I gotta say, when I'm in a good mood, nothing is better than Italian music. It's the sound that sunshine would make. And the Bel Canto operas are very well-known and frequently discussed, but I wonder if anybody has a love like of the black sheep of the opera family: the verismo composers. If you do, tell about your favorite composer/opera/aria/singer etc. Or tell why you hate this kind of opera with a passion worthy Turridu.

Verismo is characterized by intense (often ridiculous) situations, melodious music, and "lower-class" class characters. I have yet to find an example of German verismo, but it could be out there.
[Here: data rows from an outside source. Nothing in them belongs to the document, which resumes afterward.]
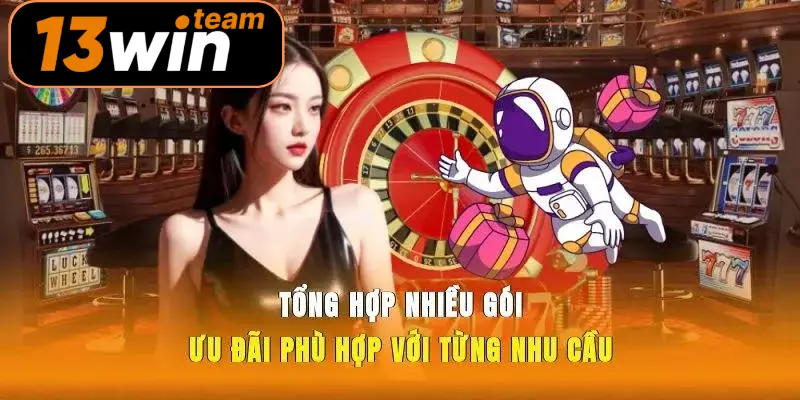 Tổng hợp nhiều gói ưu đãi phù hợp với từng nhu cầu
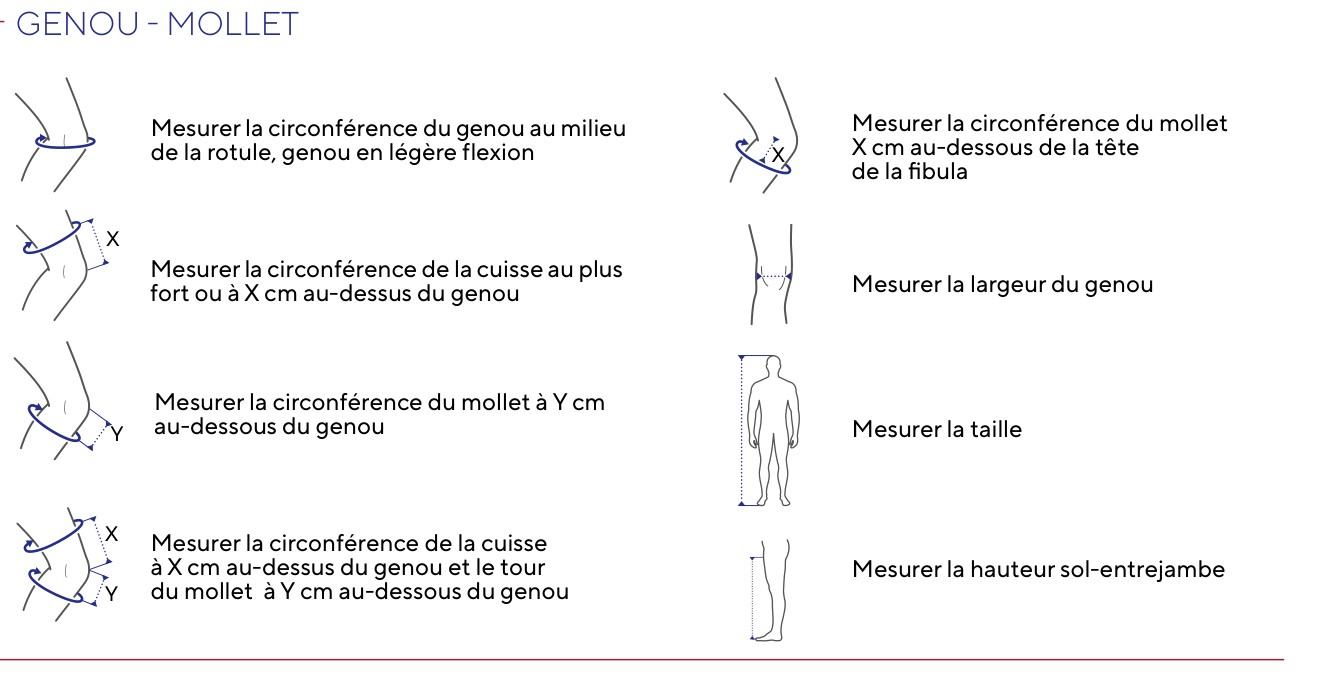 Mesurer la circonférence du genou, de la cuisse et du mollet, la hauteur sol–entrejambe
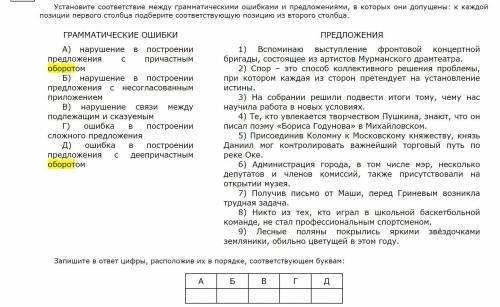 Как сделать это задание? Напишите разбор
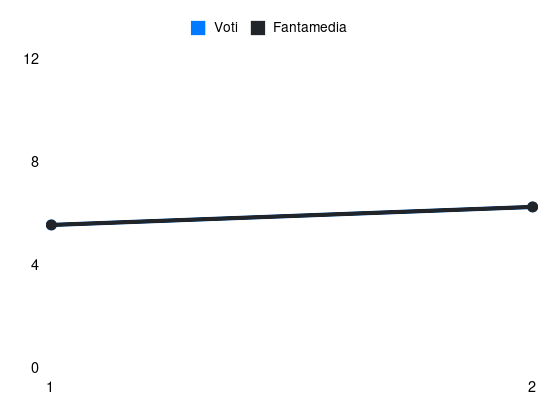 Grafico delle prestazioni di Gineitis durante la stagione 2025-26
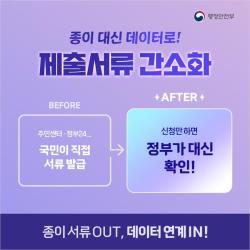 행안부, 1,658개 행정서비스 제출서류 간소화 완료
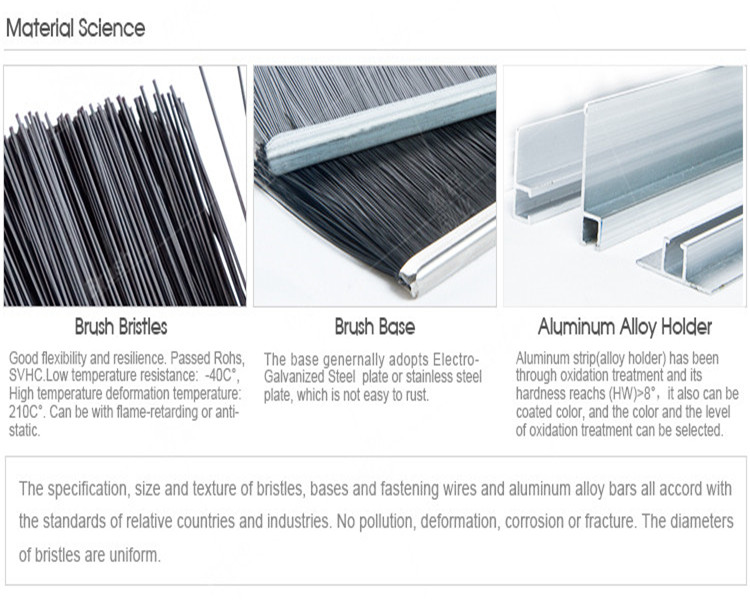 Brush Strip For Sliding Doors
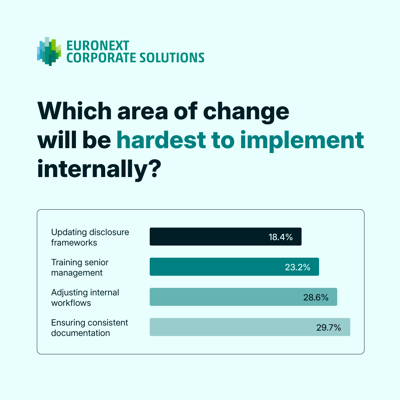 ECS0480_MAR-changes-webinar_Kit-of-assets_banner-poll1_150626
Of the verismo composers, my favorite is Pietro Mascagni. _Cavalleria rusticana_ is, of course, wonderful, but not the only thing that he wrote of any value. _L'amico fritz_ is charming, with some truly gorgeous music, including, but certainly not limited to, the Cherry Duet. There are many great moment in his later operas. I haven't been fortunate enough to have been able to attend one.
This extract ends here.